Table 1. Comparative analysis of recent SILS-based microgrid studies.

Study (Ref.)	EMS Integration	SCADA Interaction	Real-Time Capability	Modeling Scope	Notes
[6]	x	x	x	Basic power flow control only	No EMS or SCADA interface
[7]	x	x	x	PV–ESS configuration validation	Lacks dynamic operation
[8]	x	o	x	SILS–Python interface	No control strategy validation
[9]	o (HIL)	o	o (via HILS)	Diesel–PV–ESS control	Requires physical HIL hardware
[17]	o	x	x	SILS-based EMS scheduling	No dynamic or SCADA integration
[18]	x	o	x	Python–MATLAB–SCADA interfacing	No EMS or optimization
Proposed work	o	o	o (sub-minute)	Full EMS–SCADA–SILS loop with PV/ESS/EVCS	Functional real-time validation without HIL

compares and analyzes the differences between the proposed method and previous studies.

This study proposes a new MATLAB/Simulink-based framework that makes SILS more extensible and flexible. The proposed framework communicates with SCADA/EMS to support the pre-validation of microgrid control and operation strategies. The integration of Energy Management Systems (EMSs) in microgrids plays a crucial role in optimizing distributed energy resources while minimizing operational costs.

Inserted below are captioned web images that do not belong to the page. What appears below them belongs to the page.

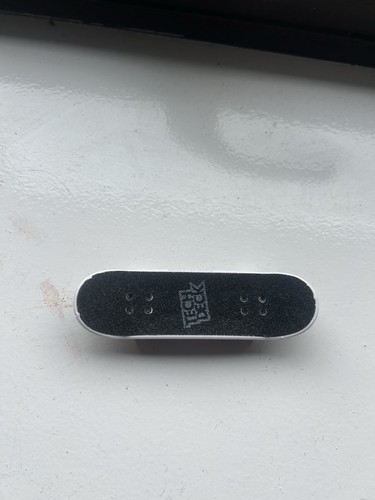 Pug tech deck finger board - deck,
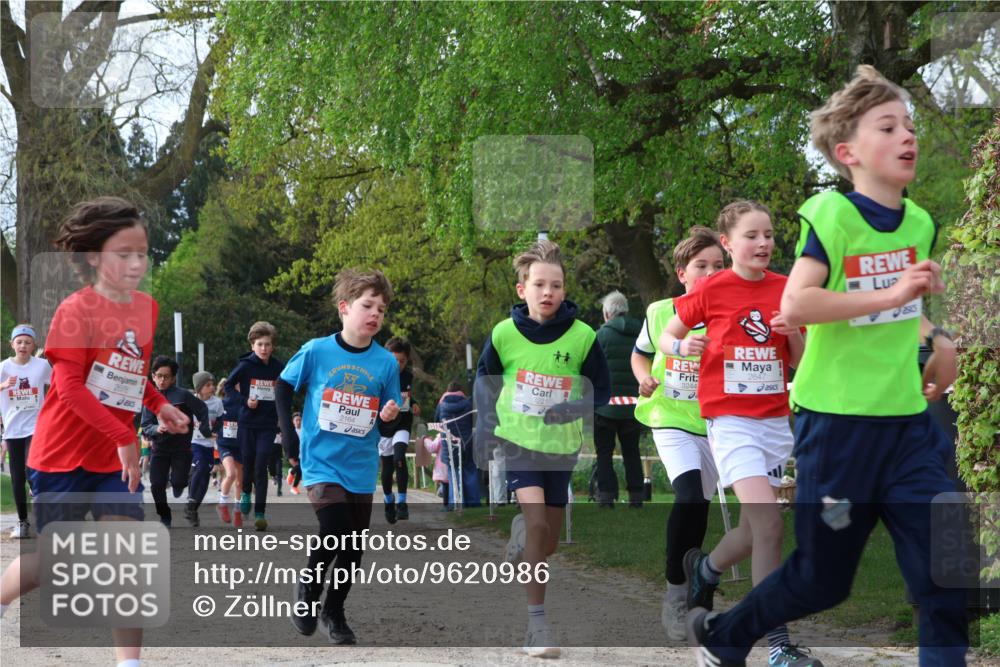 25.04.2026 - Das Zehntel Zöllner http://msf.ph/oto/9620986 25.04.2026 07:39:26 Laufen 267, 2164, 2647, 3244, 3221 meine-sportfotos.de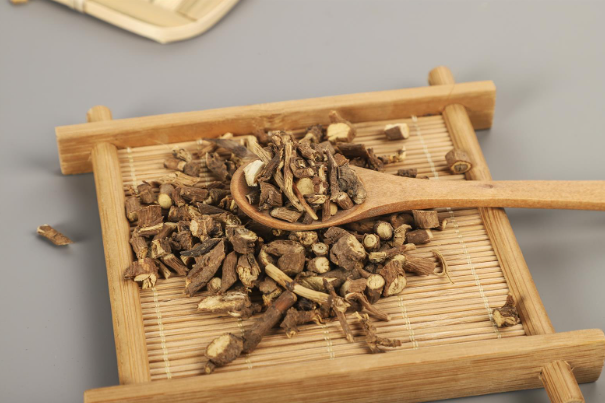 柴胡作用与功效（柴胡作用与功效与作用）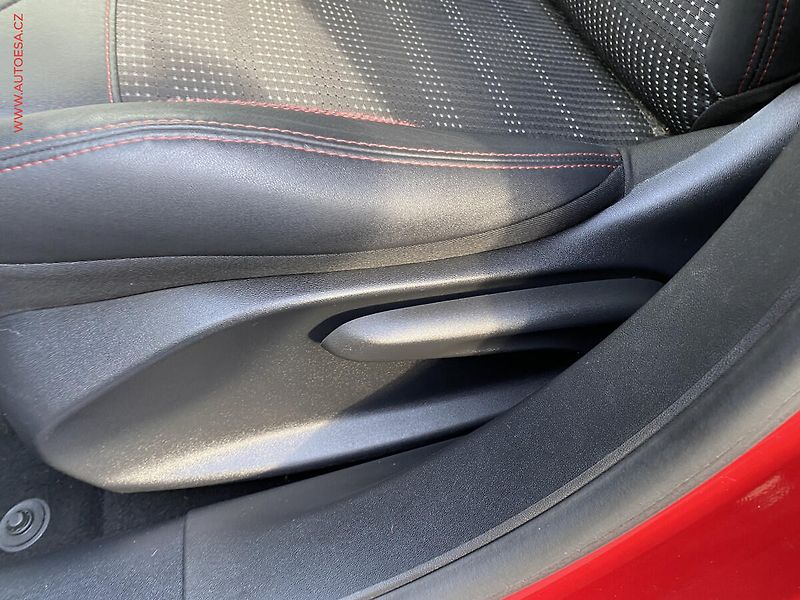 Peugeot 2008 (2018) 1.2 PT, GT Line, navi - fotka 14 z 17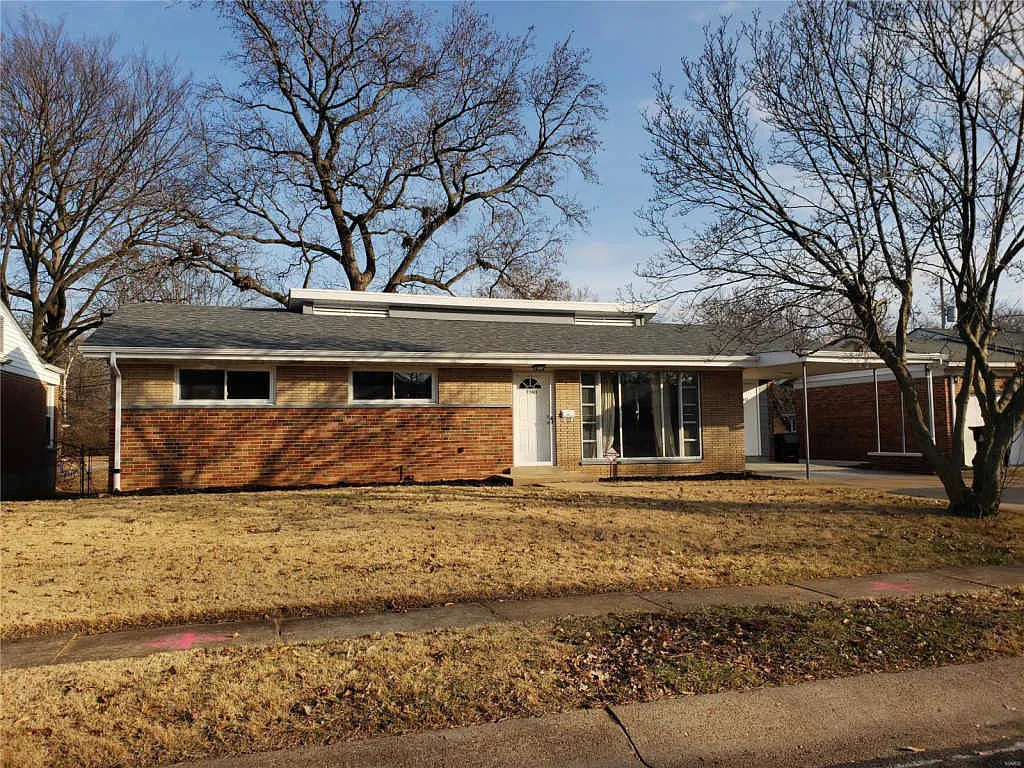 1140 Burch Ln photo 1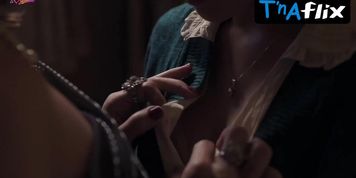 Miniatura de Carmen Zabala Lesbian, Butt Scene in El Peligro De Quererte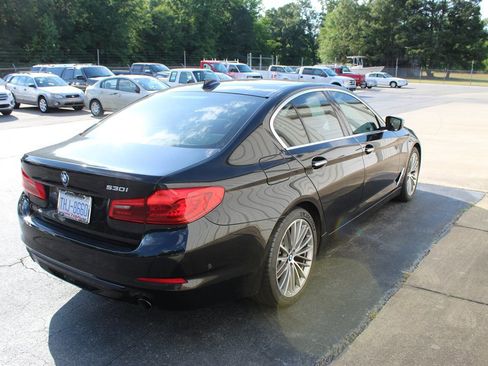 Used 2017 BMW 530i RWD image 3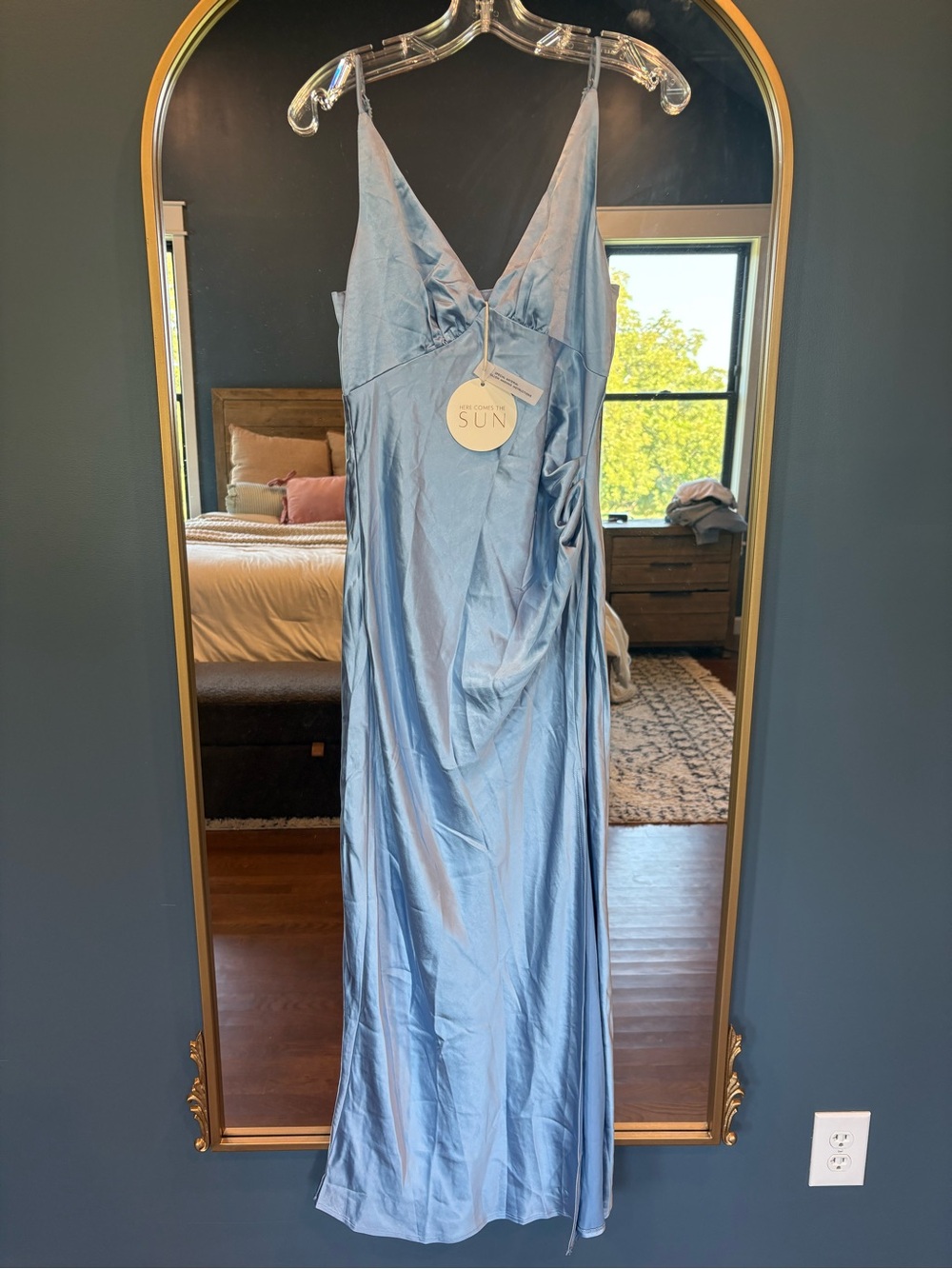 Here Comes The Sun Blue Maxi Satin Women’s Medium NWT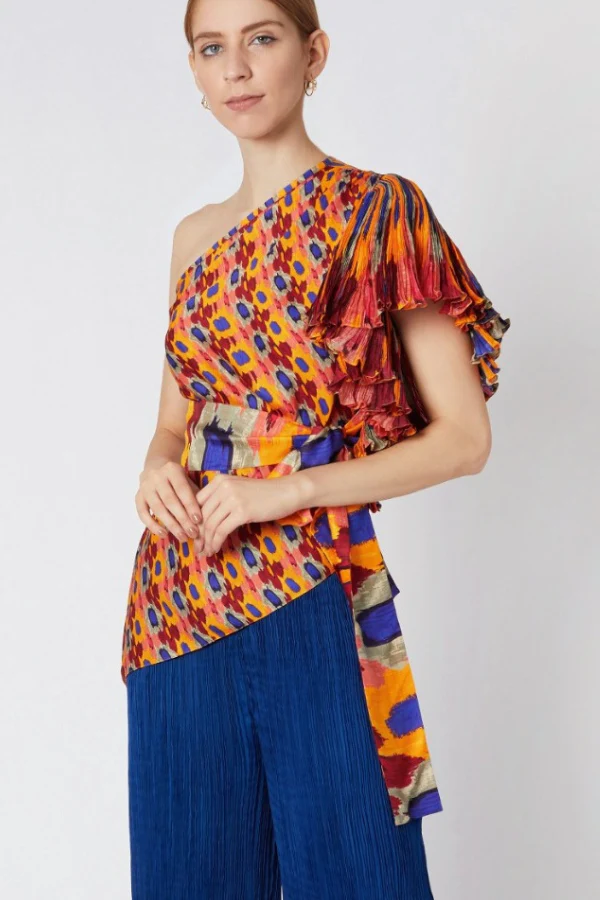 Saaksha & Kinni Ikat print one shouldered blouse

Prior research has demonstrated that employing advanced optimization strategies within EMS significantly enhances grid stability and economic efficiency [19]. This framework enables optimal daily operation planning for microgrids by leveraging SCADA/EMS, allowing it to produce optimal daily operation results for the microgrid being constructed. SCADA/EMS provides initial values based on optimal scheduling and collects data in real-time. To control actual distributed resources, a PLC-based replica microgrid controller (R-MGC) is used to send virtual signals to actual resources. An IEEE 13-bus-based testbed was designed, and key operation scenarios were presented and analyzed to verify the expandability and effectiveness of the proposed SILS framework, constructing a reliable feasibility study environment that can connect to actual control signals. The main contributions of this study are summarized as follows:

• The study presents a fully integrated SILS-EMS-SCADA framework that enables cost-effective and scalable pre-validation of microgrid operations.
• A detailed grid optimal operation algorithm is proposed and implemented on an IEEE 13-bus system with real-world constraints including ESS, EVCS, and DG.
• The proposed model demonstrates a 17.84% cost reduction and significant flattening of the load profile, improving grid flexibility.
• The framework supports both grid-connected and islanded scenarios and enables a real-time simulation interface via APIs and database management using Python.
• A novel SILS framework that seamlessly integrates with SCADA/EMS platforms through HTTP-based APIs for real-time simulation and monitoring.
• The implementation of a day-ahead optimal scheduling algorithm for DERs using MILP, validated through dynamic SILS testbed simulations.
• The demonstration of operational cost savings, load curve flattening, and stability enhancement in both connected and islanded modes.

2. Methodology

2.1. Energy Management System (EMS)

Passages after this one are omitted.